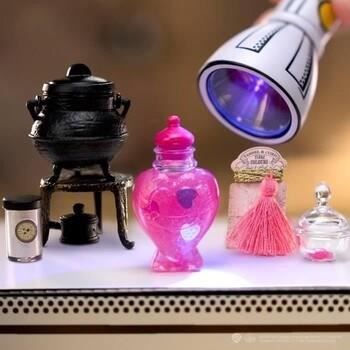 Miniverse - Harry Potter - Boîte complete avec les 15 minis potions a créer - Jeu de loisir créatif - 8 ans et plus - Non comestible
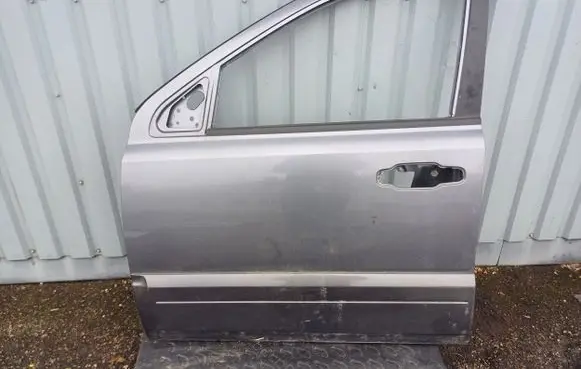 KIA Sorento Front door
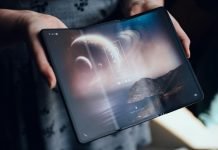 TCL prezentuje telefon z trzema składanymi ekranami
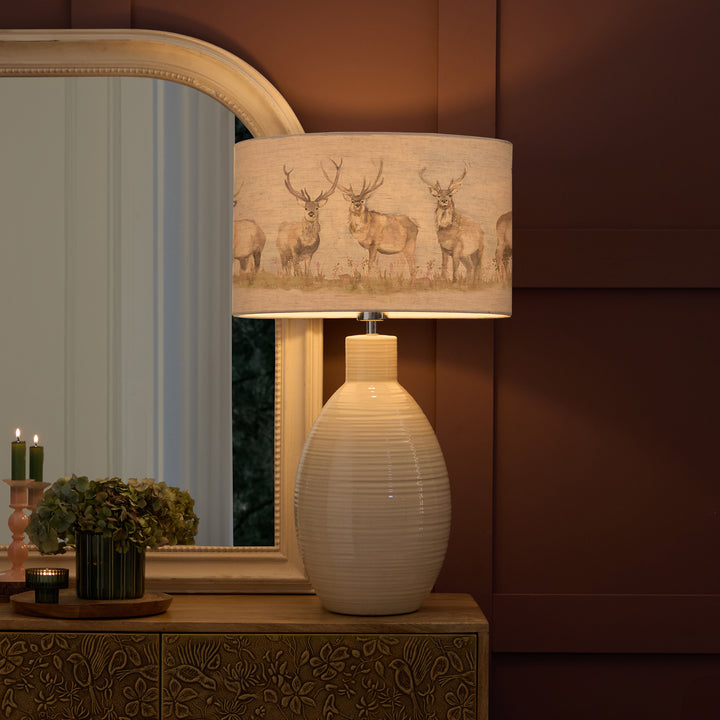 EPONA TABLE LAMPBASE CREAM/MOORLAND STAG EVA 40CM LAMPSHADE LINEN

▶ What is needed
Could you print the listing above word for word, without its pictures?

▶ Solved exercise
 Miniverse - Harry Potter - Boîte complete avec les 15 minis potions a créer - Jeu de loisir créatif - 8 ans et plus - Non comestible
 KIA Sorento Front door
 TCL prezentuje telefon z trzema składanymi ekranami
 EPONA TABLE LAMPBASE CREAM/MOORLAND STAG EVA 40CM LAMPSHADE LINEN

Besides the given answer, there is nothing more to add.